Découvertes Archéologiques Récentes
Beit Govrin - un amphithéâtre romain
Au milieu des années 1990, les vestiges d'un amphithéâtre romain ont été découverts à Beit Govrin (l'Eleutheropolis de l'époque romaine) dans les plaines de Judée, au sud-ouest de Jérusalem. Cet amphithéâtre avait été bâti au IIe siècle, à la périphérie nord-ouest de ce qui était alors la ville de Beit Govrin. Construit en grandes pierres de taille calcaires rectangulaires, cet édifice ellipsoïdal (71 x 56 m) comportait une arène de terre tassée entourée d'un mur, et des galeries souterraines. L'arène était surmontée d'une série de voûtes en cerceaux raccordées qui formaient un long couloir circulaire et soutenaient les sièges de pierre situés au-dessus ; de l'extérieur ou depuis le couloir circulaire, on accédait aux tribunes par des escaliers.

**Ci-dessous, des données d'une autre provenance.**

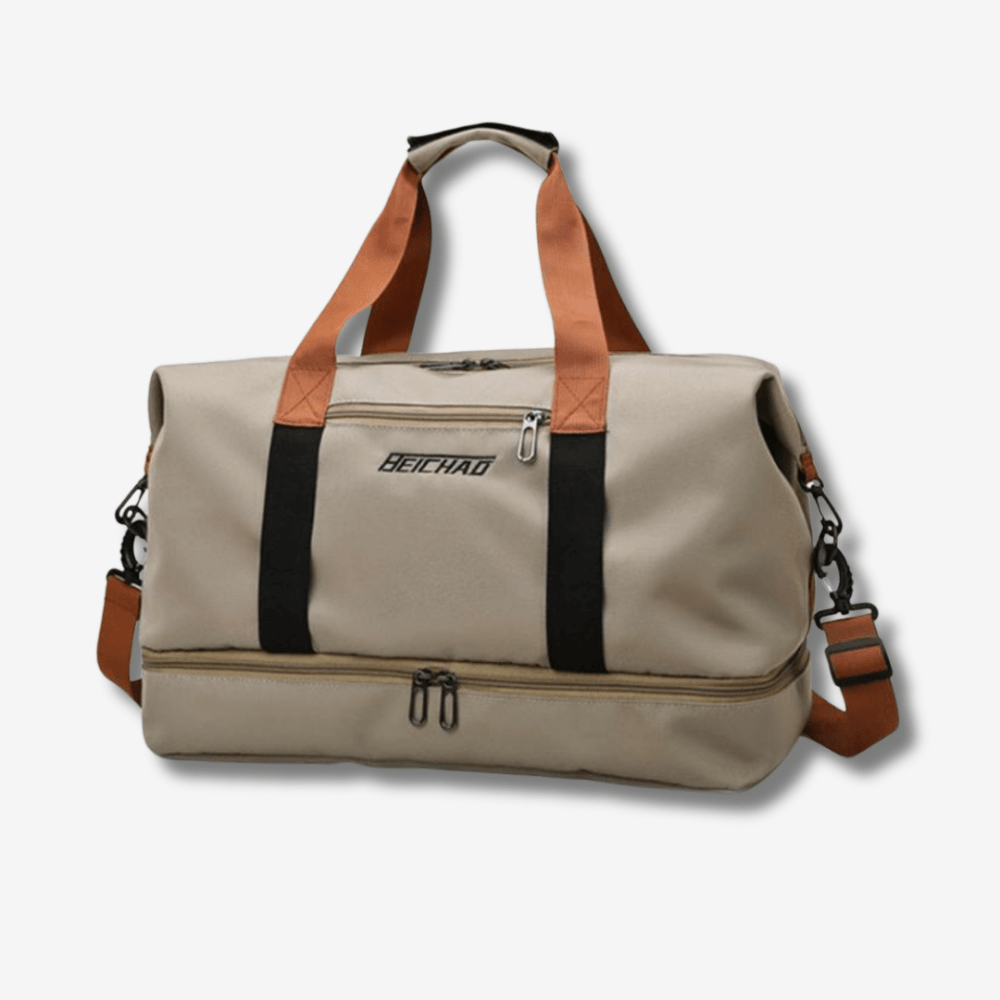 Sac de Sport Léger Résistant à l'Eau pour Randonnée et Camping – 46x28x25 cm, Tissu Oxford 600D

Une salle voûtée (3,8 x 3,2 m) située au-dessous de la tribune ouest était probablement utilisée à des fins cultuelles (sacellum). Elle contenait deux autels votifs à encens, l'un portant une inscription consécratoire en grec et, au-dessus, une centaine de lampes à huile.
Cet amphithéâtre, où se déroulaient des combats de gladiateurs, pouvait accueillir environ 3 500 spectateurs assis. Construit pour les troupes romaines stationnées dans la région après l'écrasement de la révolte de Bar Kochba (132-135), il fut utilisé jusqu'à sa destruction par un tremblement de terre, en 363. Situé dans le parc national de Beit Govrin, il a été partiellement restauré et est ouvert au public.

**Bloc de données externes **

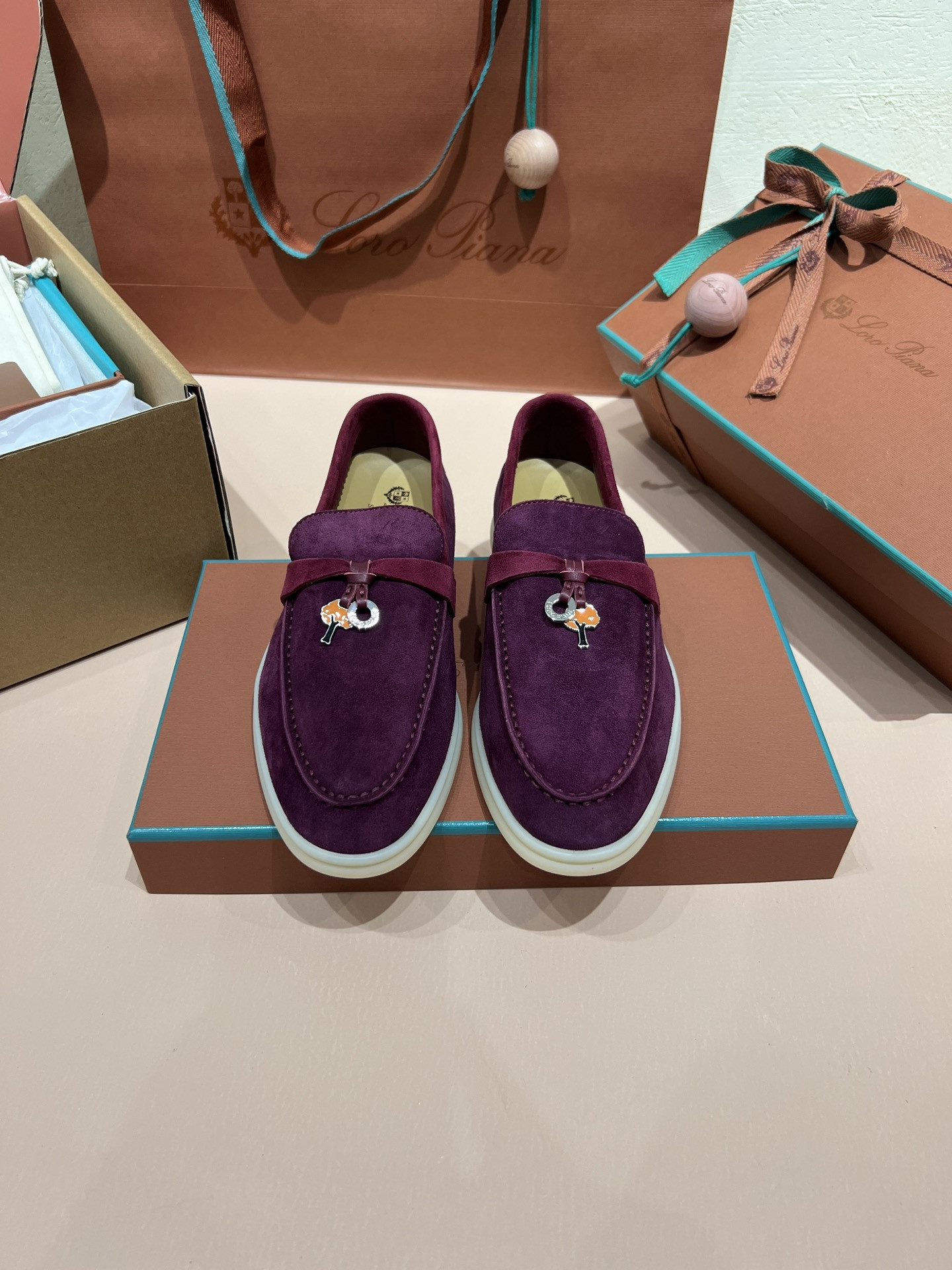 UA L0r0 P1ana Summer Charms Walk Loafers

JERUSALEM - Atelier de récipients en pierre de l'époque du deuxième Temple
Au cours de travaux de construction effectués sur le versant est du mont Scopus, un bulldozer perça le plafond d'une vaste grotte. Il devint rapidement évident pour les archéologues que cette grotte avait été façonnée par l'homme et avait servi de carrière et d'atelier de fabrication de récipients en pierre d'un modèle bien connu à la fin de l'époque du deuxième Temple à Jérusalem.
Cette époque se caractérisait par une observance accrue des règles de pureté halakhique (de halakha, loi juive) chez les juifs. Selon la halakha, les récipients en pierre, contrairement aux poteries de céramique, ne deviennent pas impurs sur le plan rituel. Ils étaient donc très utilisés en guise de vaisselle ainsi que pour entreposer l'eau et la nourriture, et on en a retrouvé un bon nombre au cours de fouilles archéologiques.

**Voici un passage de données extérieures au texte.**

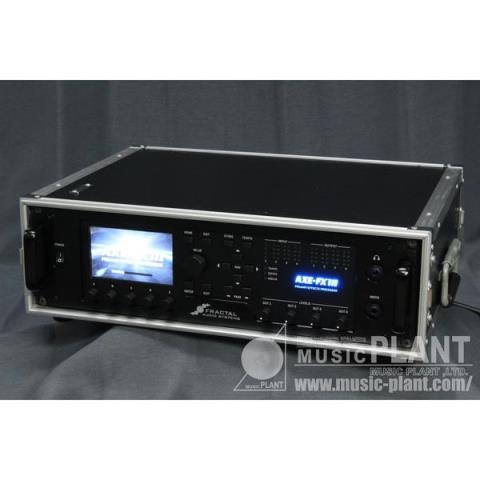 FRACTAL Audio Systems-サウンド・プロセッサー
Axe-Fx III  w/ARMOR RACK CASE 3U(D360)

Le site consiste en deux ensembles de grottes souterraines distincts, d'une superficie totale d'environ 5 000 mètres carrés, taillées dans une couche de calcaire du Sénonais. Cette formation rocheuse fut choisie pour sa tendreté, adaptée à la fabrication de tels récipients. L'exploitation de blocs de pierres rectangulaires d'environ 1,5 x 0,7 m a laissé des encoches tranchantes dans les murs, les sols et les plafonds de la grotte. Après avoir été découpés tout autour, les blocs étaient détachés du soubassement à coups de marteau donnés sur des coins de métal insérés. C'est à partir de ces blocs qu'étaient fabriqués les récipients en pierre dans la carrière, certains sur des tours, d'autres à la main.
De grandes quantités de rebuts de récipients jetés aux différentes étapes de la production, ainsi qu'un grand nombre de cylindres de pierre de différentes tailles (noyaux retirés des récipients durant le travail au tour) témoignent de l'importance de l'atelier qui produisit plusieurs dizaines de milliers d'articles. Cette activité se déroulait dans les grottes au Ier siècle de l'ère chrétienne, jusqu'à la destruction de Jérusalem par les Romains en 70. On n'a pas retrouvé de récipients intacts ; ils étaient probablement livrés sur les marchés de Jérusalem et des environs.